Цветопись и звукопись в тексте являются основным средством образности. Краски здесь солнечные, весенние: «серый туман», «прояснело» , «зазеленела трава», «золотым цветом». Но более всего слышна музыка весны: «полились воды», «затрещали льдины», «воздух задрожал», «загудела пчела», «залились жаворонки». В создании колорита и мелодии весны Толстой использует олицетворение («пришла весна», «радуются растения», «заплакали чибисы»), эпитеты («веселые голоса», «яркое солнце»), сравнения («тучи разбежались барашками», «вылезающая иглами трава»), метафоры («открылась весна», «над бархатом зеленей», «затрещали голоса»), метонимию («застучали топоры »). Такое оформление помогает ярче представить картину весны, услышать ее разные звуки.
Л.Н. Толстой, великий художник слова, как мне кажется, сумел передать не только состояние весенней природы, но и состояние души человека, когда сердце наполняется любовью ко всему окружающему, когда рождается гимн весны и жизни.
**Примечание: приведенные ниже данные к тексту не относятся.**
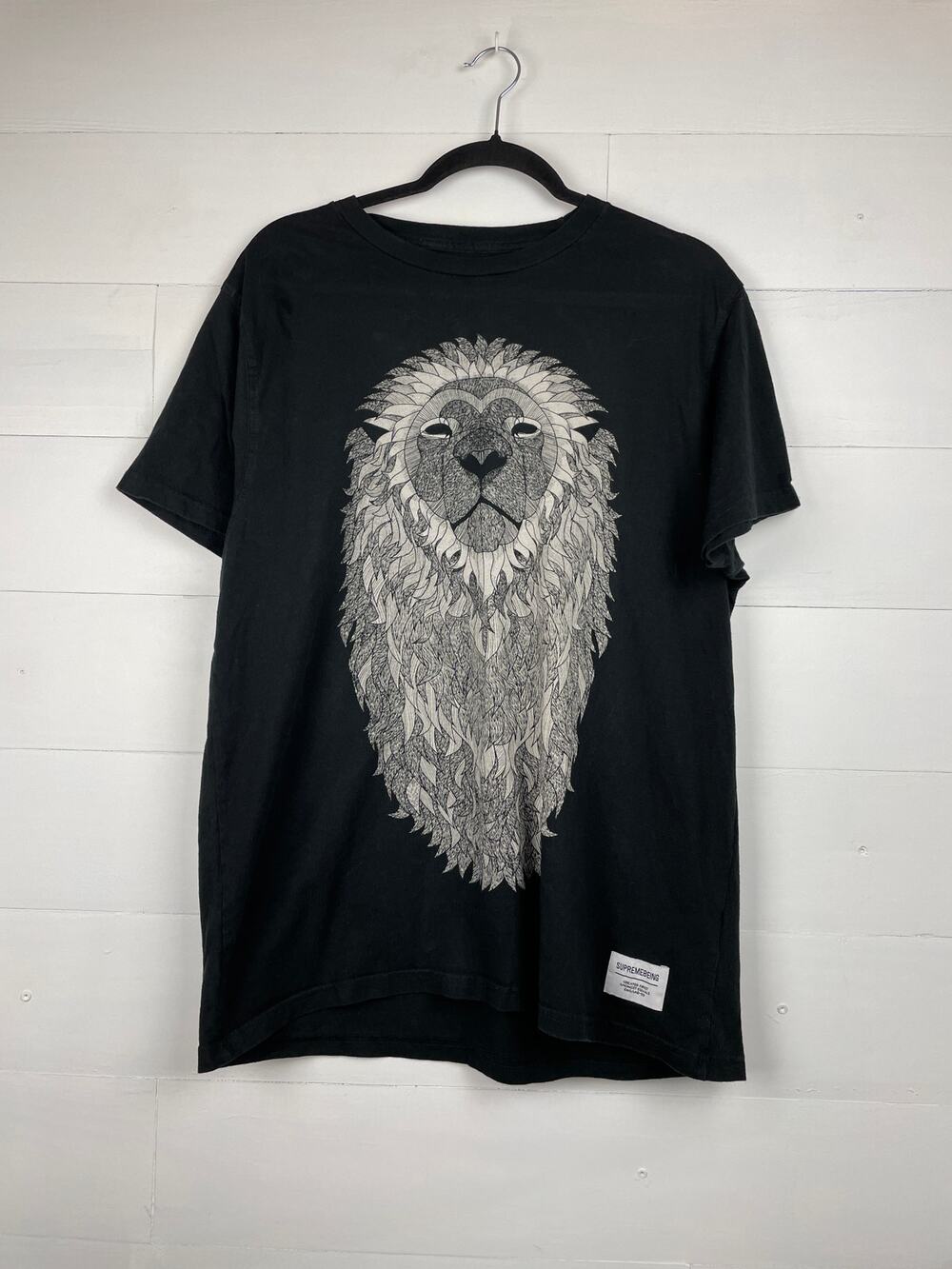 SUPREMEBEING Men's Black Lion Head Graphic Streetwear T-Shirt Size L ENG99LND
11. ТЕКСТ. «ВОСПОМИНАНИЕ ДЕТСТВА» (Ф. ИСКАНДЕР)
(1) Однако из самых очаровательных воспоминаний детства — это наслаждение, которое я испытал, когда наша учительница читала нам вслух на уроке «Капитанскую дочку». (2) Это были счастливые мину ты, их не так много, и потому мы бережно проносим их сквозь всю жизнь.
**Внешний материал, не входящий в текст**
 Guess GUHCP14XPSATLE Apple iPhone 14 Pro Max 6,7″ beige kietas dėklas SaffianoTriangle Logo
(3) Уже зрелым человеком я прочел записки Марины Цветаевой о Пушкине. (4) Из них следует, что будущая мятежная поэтесса, читая «Капитанскую дочку», с таинственным, наслаждением все время ждала Пугачева. (5) У меня было совсем другое. (6) Я с величайшим наслаждением все время ждал появления Савельича.
(7) Этот заячий тулупчик, эта доходящая до безрассудства любовь и преданность своему Петруше! (8) Невероятная трогательность. (9) Разве Савельич раб? (10) Да он на самом деле хозяин положения! (11) Петруша беззащитен против всеохватывающей деспотической любви и преданности ему Савельича. (12) Он беспомощен против нее, потому что он хороший человек и понимает, что деспотичность именно от любви и преданности ему.
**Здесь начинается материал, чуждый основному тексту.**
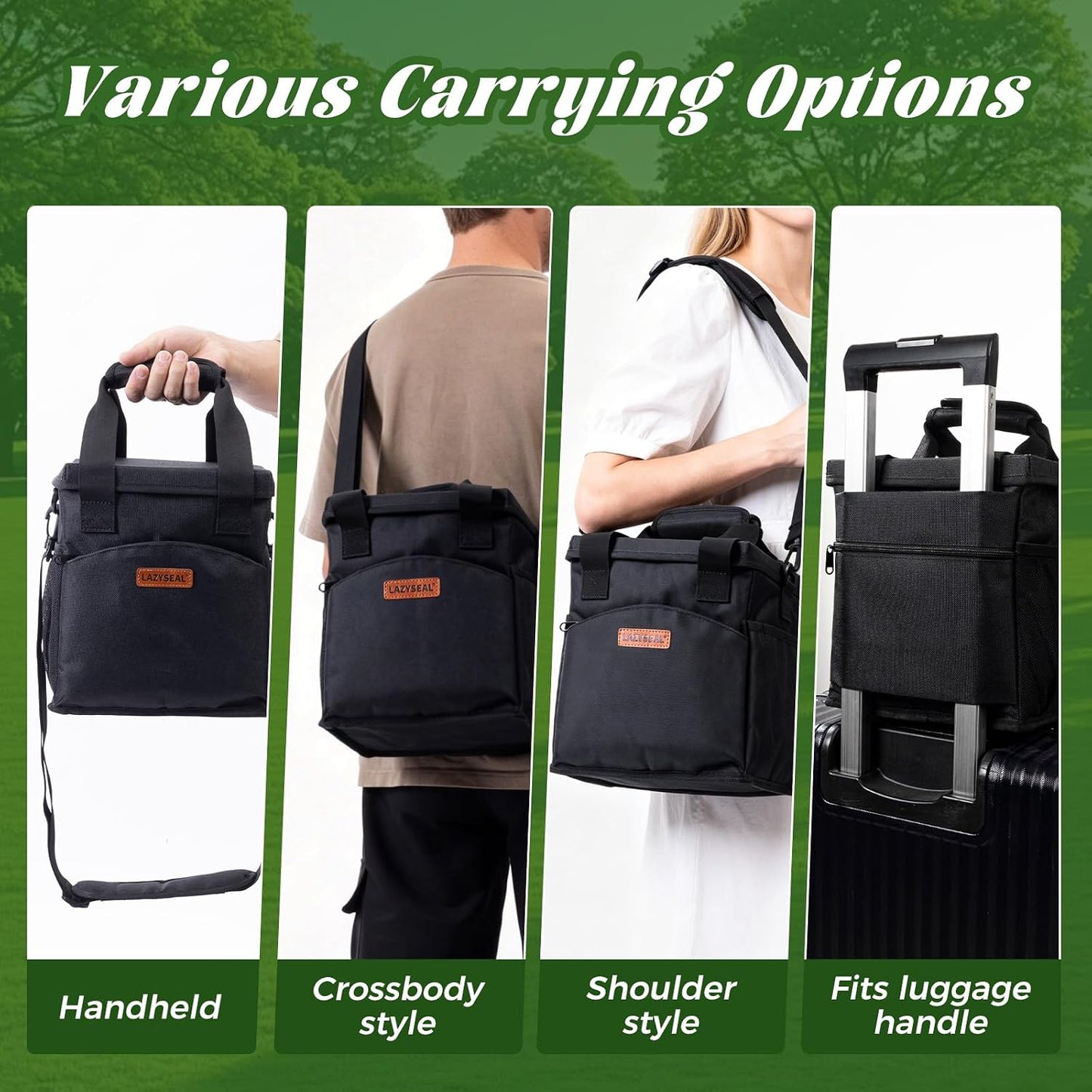 Reusable Drink Carrier with Handle, 4 Cup Capacity, Black | Foldable, reinforced bottom, multiple storage pockets, comes with shoulder strap and insulated lid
(13) Еще почти ребенком, слушая чтение «Капитанской дочки», я чувствовал комическую перевернутость психологических отношений хозяина и слуги, где слуга и есть истинный хозяин. (14) Но именно потому, что он бесконечно предан и любит своего хозяина. (15) Любовь — главнее всех.
(16) Видно, Пушкин сам тосковал по такой любви и преданности, может быть, ностальгически переодел Арину Родионовну в одежду Савельича.
(17) Главным и неизменным признаком удачи художественного произведения является желание вернуться к нему, перечитать его и повторить наслаждение. (18) В силу жизненных обстоятельств мы можем и не вернуться к любимому произведению, но сама надежда, мечта вернуться к нему греет сердце, придает жизненные силы.[8]
Рецензия 1
Значение лучших художественных творений в жизни человека — вот тема, к которой обращается Ф. Искандер в своем тексте-размышлении о природе притягательности образа Савельича, созданного Пушкиным. Через все рассуждение автор проводит мысль о том, что любимые произведения согревают сердце, помогают жить.
Ф. Искандер противопоставляет свое восприятие повести «Капитанская дочка» восприятию Марины Цветаевой. Видимо, каждого из них привлекало в образе полюбившегося персонажа что-то близкое душе: Цветаеву в Пугачеве — таинственность, мятежность, бунтарство, Искандера в Савельиче — умение любить и оставаться преданным. В восприятии Искандера образ Савельича вырастает до фигуры не менее, а может быть, и более значительной, чем Пугачев.